How can I raise funds as a pregnant sole founder? originally appeared on Quora - the place to gain and share knowledge, empowering people to learn from others and better understand the world.

Answer by Bonnie Foley-Wong, CEO Pique Ventures, Pique Fund, author Integrated Investing, on Quora:

First of all, congratulations! Take good care of yourself and your health and do what you need to do for a healthy pregnancy and birth.

I am supportive of women who want to build businesses and have a family. I believe in creating the environment to support choice.

At the start of 2014, on the day I launched a venture accelerator with my then-business partner, I was recovering from a miscarriage. Day 1 of Spring Activator happened 5 days after my first pregnancy terminated. I carried on building Spring. At the same time, I was building Pique Fund... and writing Integrated Investing. Maybe 2014 was a particularly fertile year for me for starting things.

Lo and behold, on my birthday, I found out I was pregnant. It was like I became a different person. I didn't want to tell anyone, not my business partner, not my colleagues and potential investors in Pique Fund. I waited until I could wait no longer...

And I waited for no good reason.

Everyone around me was supportive. They had all been there and done that. For the remainder of 2014, I kept building. I did my best to start putting processes in place and anticipating what life and business would be like after the baby was born. It meant prioritizing. Some things would have to go on the back burner and other things could not be ignored.

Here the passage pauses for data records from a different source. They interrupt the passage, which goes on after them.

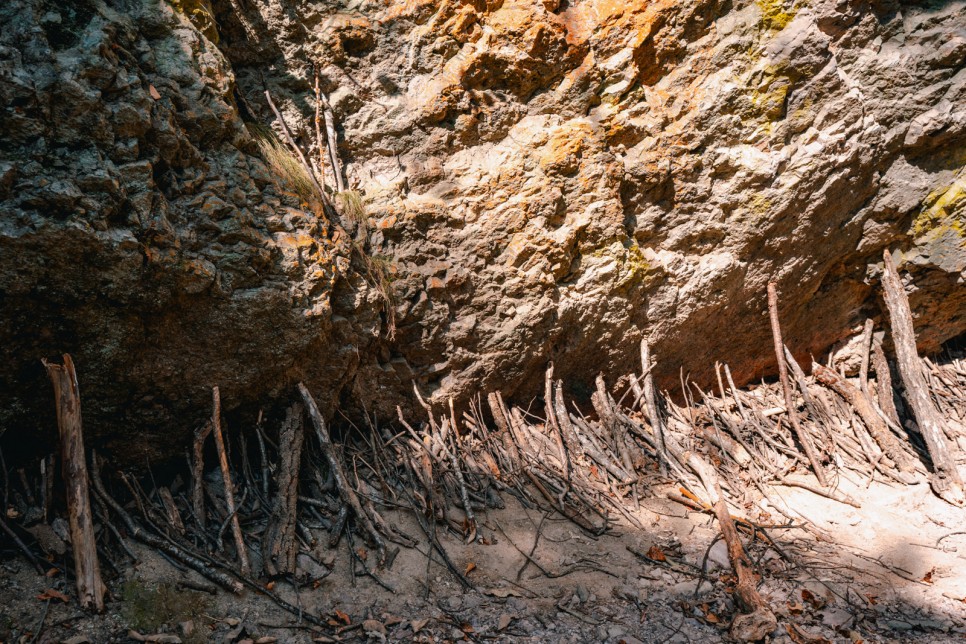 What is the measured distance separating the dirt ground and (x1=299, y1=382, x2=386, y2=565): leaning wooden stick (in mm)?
136

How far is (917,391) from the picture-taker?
555 cm

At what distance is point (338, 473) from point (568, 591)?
1.73 m

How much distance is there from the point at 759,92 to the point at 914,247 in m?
2.69

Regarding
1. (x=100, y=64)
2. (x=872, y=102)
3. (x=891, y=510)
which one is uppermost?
(x=100, y=64)

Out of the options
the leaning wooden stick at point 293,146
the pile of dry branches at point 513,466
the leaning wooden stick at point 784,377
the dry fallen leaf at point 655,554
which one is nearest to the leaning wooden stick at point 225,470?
the pile of dry branches at point 513,466

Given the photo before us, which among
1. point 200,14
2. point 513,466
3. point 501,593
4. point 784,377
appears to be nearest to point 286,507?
point 501,593

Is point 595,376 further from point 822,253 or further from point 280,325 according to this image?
point 280,325

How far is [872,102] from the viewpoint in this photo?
16.0 ft

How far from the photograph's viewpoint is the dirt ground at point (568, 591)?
2.81 m

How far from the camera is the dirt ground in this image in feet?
9.22

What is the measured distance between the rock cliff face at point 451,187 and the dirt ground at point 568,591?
3.51 ft

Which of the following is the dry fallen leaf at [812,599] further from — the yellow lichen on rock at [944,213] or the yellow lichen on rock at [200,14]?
the yellow lichen on rock at [200,14]

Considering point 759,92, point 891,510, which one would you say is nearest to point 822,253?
point 759,92

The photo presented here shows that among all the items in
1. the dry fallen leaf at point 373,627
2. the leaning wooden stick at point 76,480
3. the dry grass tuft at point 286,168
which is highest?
the dry grass tuft at point 286,168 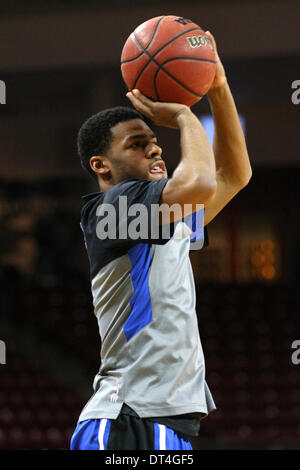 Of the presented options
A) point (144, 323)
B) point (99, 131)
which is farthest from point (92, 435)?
point (99, 131)

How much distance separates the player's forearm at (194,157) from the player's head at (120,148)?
0.71ft

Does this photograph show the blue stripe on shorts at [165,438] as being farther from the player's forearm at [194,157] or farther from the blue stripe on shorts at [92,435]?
the player's forearm at [194,157]

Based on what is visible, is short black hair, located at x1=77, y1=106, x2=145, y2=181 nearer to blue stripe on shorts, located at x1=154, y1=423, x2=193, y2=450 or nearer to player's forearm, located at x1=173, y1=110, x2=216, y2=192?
player's forearm, located at x1=173, y1=110, x2=216, y2=192

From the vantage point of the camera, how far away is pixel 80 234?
11.7m

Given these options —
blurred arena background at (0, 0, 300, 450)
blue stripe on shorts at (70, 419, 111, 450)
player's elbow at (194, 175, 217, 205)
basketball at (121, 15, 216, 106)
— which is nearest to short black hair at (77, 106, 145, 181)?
basketball at (121, 15, 216, 106)

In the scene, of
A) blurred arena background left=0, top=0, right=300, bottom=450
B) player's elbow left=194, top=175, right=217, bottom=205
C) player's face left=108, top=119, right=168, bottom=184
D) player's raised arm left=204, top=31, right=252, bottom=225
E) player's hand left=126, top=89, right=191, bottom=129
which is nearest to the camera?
player's elbow left=194, top=175, right=217, bottom=205

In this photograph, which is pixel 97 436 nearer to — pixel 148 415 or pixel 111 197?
pixel 148 415

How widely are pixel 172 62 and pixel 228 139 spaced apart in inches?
16.4

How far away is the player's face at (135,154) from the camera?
2.22 meters

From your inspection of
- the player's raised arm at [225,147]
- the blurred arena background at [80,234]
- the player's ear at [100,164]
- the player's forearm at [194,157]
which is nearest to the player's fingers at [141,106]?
the player's forearm at [194,157]

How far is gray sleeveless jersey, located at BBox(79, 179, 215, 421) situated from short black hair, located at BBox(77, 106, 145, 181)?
20 cm

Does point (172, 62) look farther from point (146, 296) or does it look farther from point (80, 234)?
point (80, 234)

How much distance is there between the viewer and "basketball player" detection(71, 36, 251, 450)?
198 centimetres

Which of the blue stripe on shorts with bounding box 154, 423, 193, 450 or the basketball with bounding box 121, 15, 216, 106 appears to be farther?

Pique Fund launched, with its first closing, 25 days before my daughter was born. I stepped away from the day-to-day management and activities of Spring (and eventually sold all of my shares, but that is another story). I parked my book, which was about 85-90% finished. My husband became a full-time caregiver, which meant if I wasn't sleeping or breastfeeding my daughter, I could go to meetings and carry on building Pique Fund. Before my daughter's first birthday, I had raised additional capital for the fund and made its first three investments.

It was not easy though. I was tired, my hormones and body changed significantly. Having a baby is disruptive. To survive and thrive through such a major life-changing event, you need a support network, community, and rock solid partners. Thank goodness my relationship with my husband survived the change. Thank goodness, my lead investor in Pique Fund was so supportive and aligned. She's since become a wonderful friend, trusted advisor, and I couldn't be happier having a colleague and investor like her in the fund. There were others - who were also parents - who I could turn to, from whom I could seek advice and support. I could have done better to build the support network before my daughter was born - but better late than never.

If you're committed to building your venture, you need to find partners, supporters, and investors that are aligned with your vision, with whom there is mutual trust, and who believe in you.

Don't give up, but you need to get super clear about how things are going to work post-baby, what your plan is, what you're not going to give up, and be realistic about what might fall through the cracks.

Every birth, baby, and startup is different. The only consistent truth is uncertainty! But you need to have a plan, be able to make decisions when things don't go to plan, and have people around you that support you as you navigate the uncertainty.